PROBLEM DESCRIPTION: Begin your copy at the line with "Штанга нерозбірна з" in the records below and end it at the line with "Tractor and Windmill Note Card (Front)", restating each line word for word; omit the pictures.

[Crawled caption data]
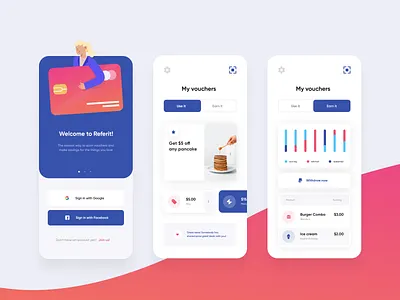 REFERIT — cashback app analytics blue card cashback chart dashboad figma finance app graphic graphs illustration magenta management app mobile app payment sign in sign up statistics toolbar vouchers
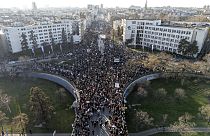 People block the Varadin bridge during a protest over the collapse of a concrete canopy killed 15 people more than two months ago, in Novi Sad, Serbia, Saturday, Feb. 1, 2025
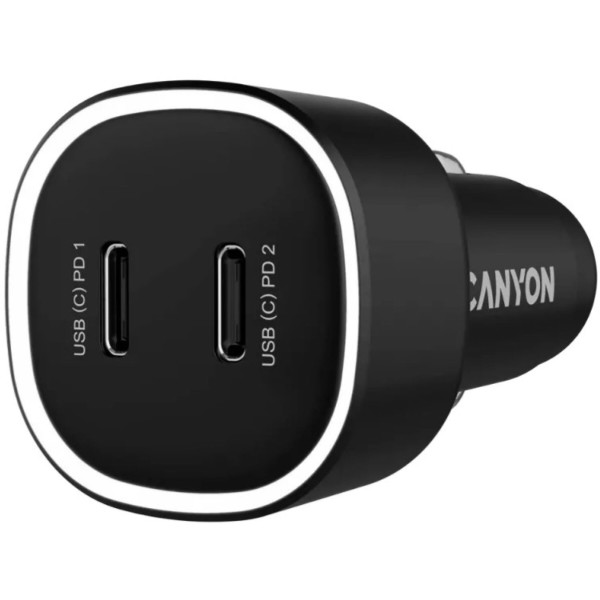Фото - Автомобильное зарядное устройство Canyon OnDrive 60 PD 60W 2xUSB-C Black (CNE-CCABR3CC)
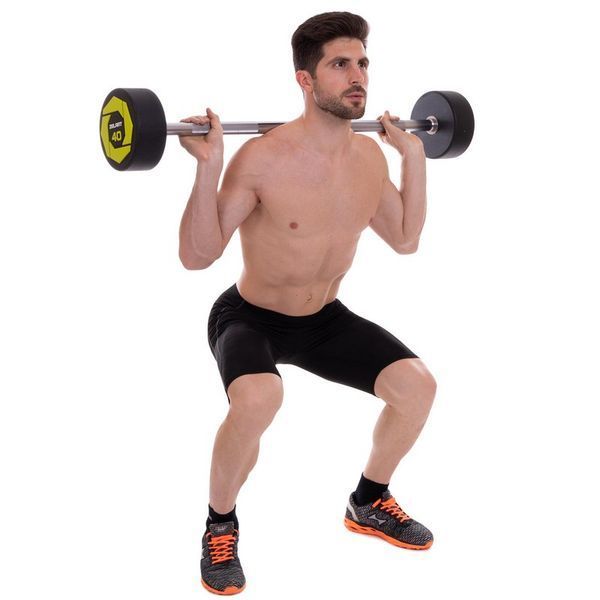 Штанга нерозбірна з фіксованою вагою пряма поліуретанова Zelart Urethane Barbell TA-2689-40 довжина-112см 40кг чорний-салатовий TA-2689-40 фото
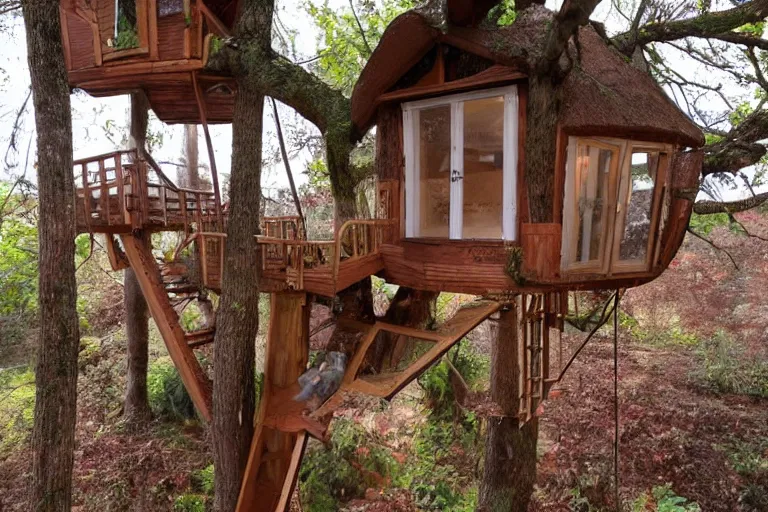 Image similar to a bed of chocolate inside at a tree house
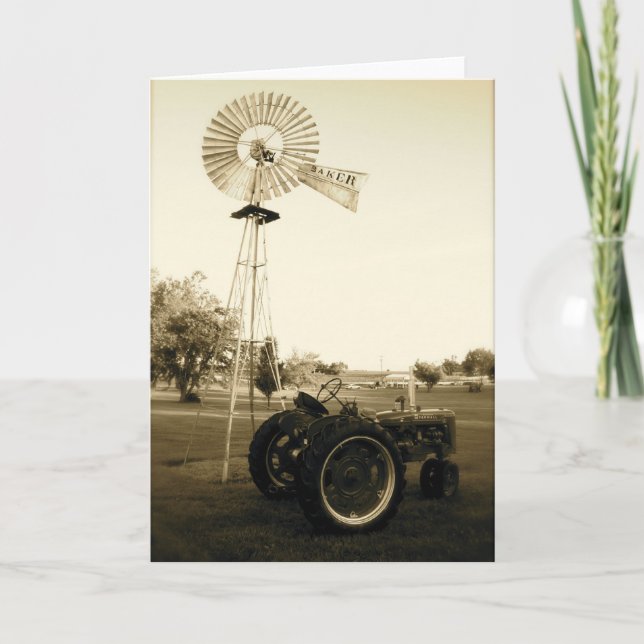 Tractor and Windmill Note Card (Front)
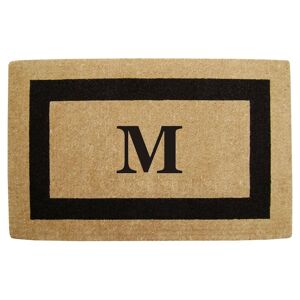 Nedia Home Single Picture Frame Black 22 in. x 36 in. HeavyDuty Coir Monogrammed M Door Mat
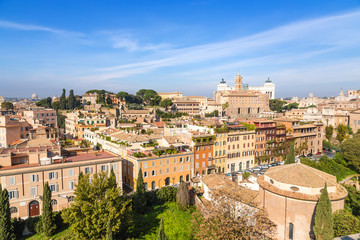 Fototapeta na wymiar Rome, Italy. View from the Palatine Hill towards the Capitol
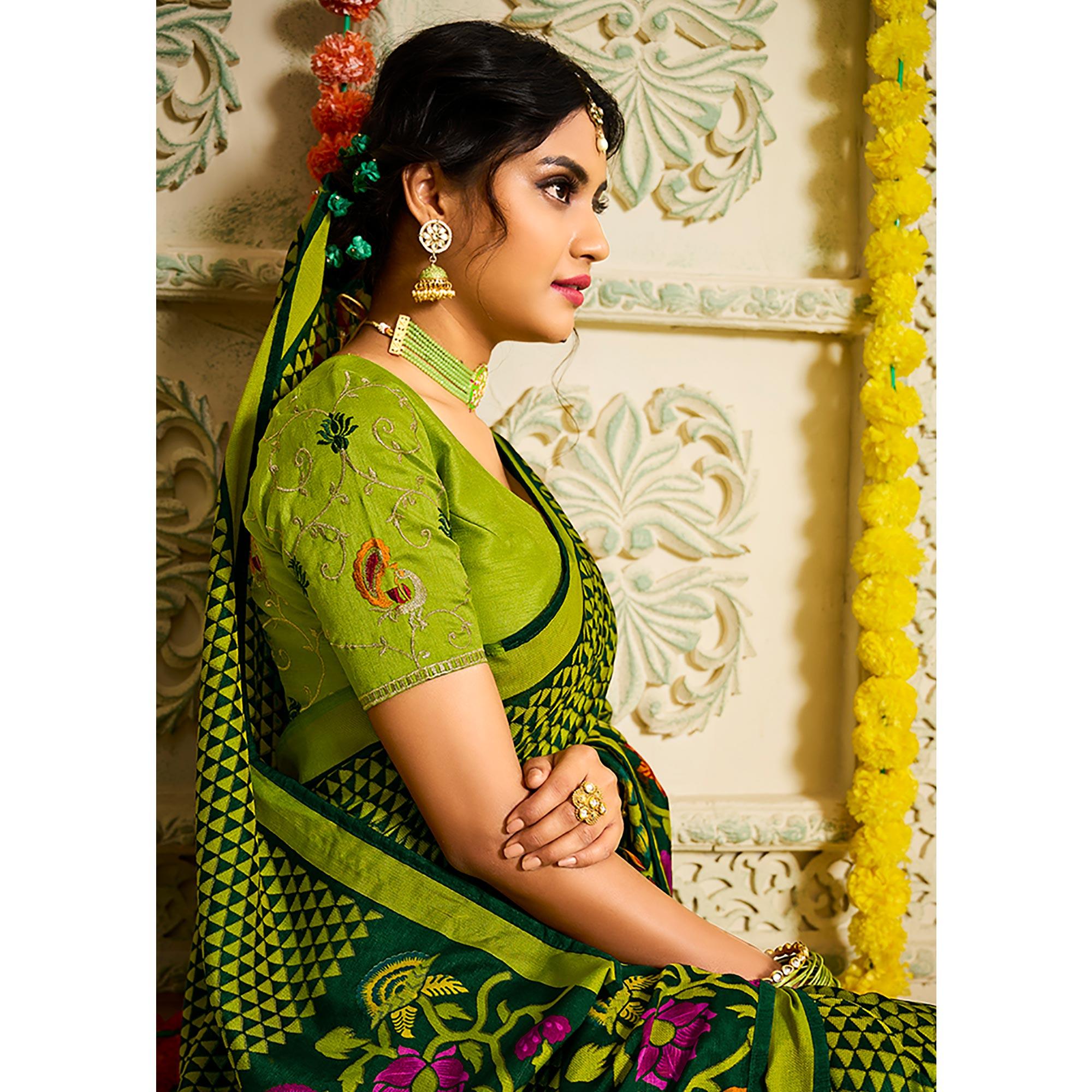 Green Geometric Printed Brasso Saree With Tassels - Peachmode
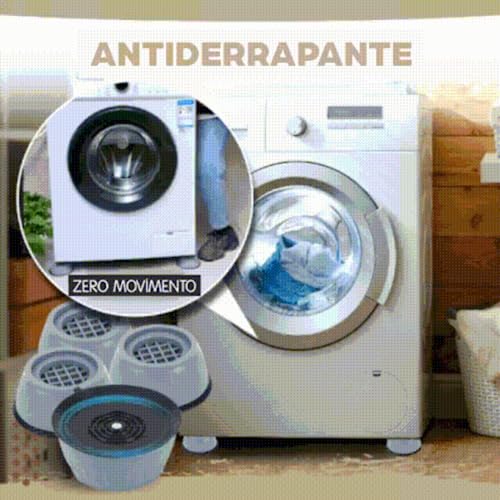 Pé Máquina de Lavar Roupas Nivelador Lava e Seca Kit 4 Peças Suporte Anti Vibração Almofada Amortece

RESPONSE BOX:
 Штанга нерозбірна з фіксованою вагою пряма поліуретанова Zelart Urethane Barbell TA-2689-40 довжина-112см 40кг чорний-салатовий TA-2689-40 фото
 Image similar to a bed of chocolate inside at a tree house
 Tractor and Windmill Note Card (Front)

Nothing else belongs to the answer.